══ Recorded information ══
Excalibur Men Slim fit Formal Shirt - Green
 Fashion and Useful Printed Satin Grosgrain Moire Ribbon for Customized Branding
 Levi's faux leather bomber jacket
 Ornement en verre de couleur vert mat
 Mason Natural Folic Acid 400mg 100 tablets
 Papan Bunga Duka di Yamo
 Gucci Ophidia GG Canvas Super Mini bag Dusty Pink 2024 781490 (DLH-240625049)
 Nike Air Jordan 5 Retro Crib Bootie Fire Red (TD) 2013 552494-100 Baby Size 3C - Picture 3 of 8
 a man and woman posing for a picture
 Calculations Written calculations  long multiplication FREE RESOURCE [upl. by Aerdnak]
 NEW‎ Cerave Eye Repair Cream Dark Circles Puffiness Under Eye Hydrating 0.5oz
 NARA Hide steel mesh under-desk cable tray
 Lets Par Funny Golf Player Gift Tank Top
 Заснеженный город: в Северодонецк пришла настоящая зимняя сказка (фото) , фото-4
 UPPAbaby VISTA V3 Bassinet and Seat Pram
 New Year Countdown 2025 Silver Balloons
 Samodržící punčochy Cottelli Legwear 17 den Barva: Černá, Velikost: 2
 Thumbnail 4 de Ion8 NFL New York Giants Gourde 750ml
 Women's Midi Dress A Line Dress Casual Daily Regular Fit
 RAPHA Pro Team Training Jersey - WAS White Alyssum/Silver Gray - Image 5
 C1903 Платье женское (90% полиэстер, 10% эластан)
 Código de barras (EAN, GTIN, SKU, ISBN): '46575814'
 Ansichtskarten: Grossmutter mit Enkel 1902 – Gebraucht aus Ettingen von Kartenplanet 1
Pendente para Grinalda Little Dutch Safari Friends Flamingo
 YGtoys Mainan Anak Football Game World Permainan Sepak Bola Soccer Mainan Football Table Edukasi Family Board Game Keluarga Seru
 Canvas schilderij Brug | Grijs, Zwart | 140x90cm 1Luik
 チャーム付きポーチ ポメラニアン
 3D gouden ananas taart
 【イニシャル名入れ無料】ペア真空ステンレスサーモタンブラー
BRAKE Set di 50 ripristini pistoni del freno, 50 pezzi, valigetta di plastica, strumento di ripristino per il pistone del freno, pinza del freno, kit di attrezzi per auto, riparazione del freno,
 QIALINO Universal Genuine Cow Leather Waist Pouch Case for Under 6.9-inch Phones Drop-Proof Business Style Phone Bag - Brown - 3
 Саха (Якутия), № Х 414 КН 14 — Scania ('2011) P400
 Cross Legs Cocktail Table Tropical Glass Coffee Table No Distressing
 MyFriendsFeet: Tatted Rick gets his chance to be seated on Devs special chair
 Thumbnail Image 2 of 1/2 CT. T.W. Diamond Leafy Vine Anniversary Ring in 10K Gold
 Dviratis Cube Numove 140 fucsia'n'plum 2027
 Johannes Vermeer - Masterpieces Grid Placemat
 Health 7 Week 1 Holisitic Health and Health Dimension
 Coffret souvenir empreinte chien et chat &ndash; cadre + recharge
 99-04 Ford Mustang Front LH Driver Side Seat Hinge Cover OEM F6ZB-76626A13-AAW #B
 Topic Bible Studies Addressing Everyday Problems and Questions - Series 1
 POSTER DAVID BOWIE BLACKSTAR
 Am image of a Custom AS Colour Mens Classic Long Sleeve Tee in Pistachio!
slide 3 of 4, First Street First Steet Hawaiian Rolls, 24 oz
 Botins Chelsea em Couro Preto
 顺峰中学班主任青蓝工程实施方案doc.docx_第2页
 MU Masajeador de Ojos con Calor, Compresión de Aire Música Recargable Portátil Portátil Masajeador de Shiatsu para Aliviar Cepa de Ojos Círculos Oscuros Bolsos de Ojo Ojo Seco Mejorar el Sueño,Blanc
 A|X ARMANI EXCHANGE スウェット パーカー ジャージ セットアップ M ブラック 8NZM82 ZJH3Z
═══
What the task requires: Would you transcribe the whole listing, keeping every character the same?

Solution to this problem:
Excalibur Men Slim fit Formal Shirt - Green
 Fashion and Useful Printed Satin Grosgrain Moire Ribbon for Customized Branding
 Levi's faux leather bomber jacket
 Ornement en verre de couleur vert mat
 Mason Natural Folic Acid 400mg 100 tablets
 Papan Bunga Duka di Yamo
 Gucci Ophidia GG Canvas Super Mini bag Dusty Pink 2024 781490 (DLH-240625049)
 Nike Air Jordan 5 Retro Crib Bootie Fire Red (TD) 2013 552494-100 Baby Size 3C - Picture 3 of 8
 a man and woman posing for a picture
 Calculations Written calculations  long multiplication FREE RESOURCE [upl. by Aerdnak]
 NEW‎ Cerave Eye Repair Cream Dark Circles Puffiness Under Eye Hydrating 0.5oz
 NARA Hide steel mesh under-desk cable tray
 Lets Par Funny Golf Player Gift Tank Top
 Заснеженный город: в Северодонецк пришла настоящая зимняя сказка (фото) , фото-4
 UPPAbaby VISTA V3 Bassinet and Seat Pram
 New Year Countdown 2025 Silver Balloons
 Samodržící punčochy Cottelli Legwear 17 den Barva: Černá, Velikost: 2
 Thumbnail 4 de Ion8 NFL New York Giants Gourde 750ml
 Women's Midi Dress A Line Dress Casual Daily Regular Fit
 RAPHA Pro Team Training Jersey - WAS White Alyssum/Silver Gray - Image 5
 C1903 Платье женское (90% полиэстер, 10% эластан)
 Código de barras (EAN, GTIN, SKU, ISBN): '46575814'
 Ansichtskarten: Grossmutter mit Enkel 1902 – Gebraucht aus Ettingen von Kartenplanet 1
Pendente para Grinalda Little Dutch Safari Friends Flamingo
 YGtoys Mainan Anak Football Game World Permainan Sepak Bola Soccer Mainan Football Table Edukasi Family Board Game Keluarga Seru
 Canvas schilderij Brug | Grijs, Zwart | 140x90cm 1Luik
 チャーム付きポーチ ポメラニアン
 3D gouden ananas taart
 【イニシャル名入れ無料】ペア真空ステンレスサーモタンブラー
BRAKE Set di 50 ripristini pistoni del freno, 50 pezzi, valigetta di plastica, strumento di ripristino per il pistone del freno, pinza del freno, kit di attrezzi per auto, riparazione del freno,
 QIALINO Universal Genuine Cow Leather Waist Pouch Case for Under 6.9-inch Phones Drop-Proof Business Style Phone Bag - Brown - 3
 Саха (Якутия), № Х 414 КН 14 — Scania ('2011) P400
 Cross Legs Cocktail Table Tropical Glass Coffee Table No Distressing
 MyFriendsFeet: Tatted Rick gets his chance to be seated on Devs special chair
 Thumbnail Image 2 of 1/2 CT. T.W. Diamond Leafy Vine Anniversary Ring in 10K Gold
 Dviratis Cube Numove 140 fucsia'n'plum 2027
 Johannes Vermeer - Masterpieces Grid Placemat
 Health 7 Week 1 Holisitic Health and Health Dimension
 Coffret souvenir empreinte chien et chat &ndash; cadre + recharge
 99-04 Ford Mustang Front LH Driver Side Seat Hinge Cover OEM F6ZB-76626A13-AAW #B
 Topic Bible Studies Addressing Everyday Problems and Questions - Series 1
 POSTER DAVID BOWIE BLACKSTAR
 Am image of a Custom AS Colour Mens Classic Long Sleeve Tee in Pistachio!
slide 3 of 4, First Street First Steet Hawaiian Rolls, 24 oz
 Botins Chelsea em Couro Preto
 顺峰中学班主任青蓝工程实施方案doc.docx_第2页
 MU Masajeador de Ojos con Calor, Compresión de Aire Música Recargable Portátil Portátil Masajeador de Shiatsu para Aliviar Cepa de Ojos Círculos Oscuros Bolsos de Ojo Ojo Seco Mejorar el Sueño,Blanc
 A|X ARMANI EXCHANGE スウェット パーカー ジャージ セットアップ M ブラック 8NZM82 ZJH3Z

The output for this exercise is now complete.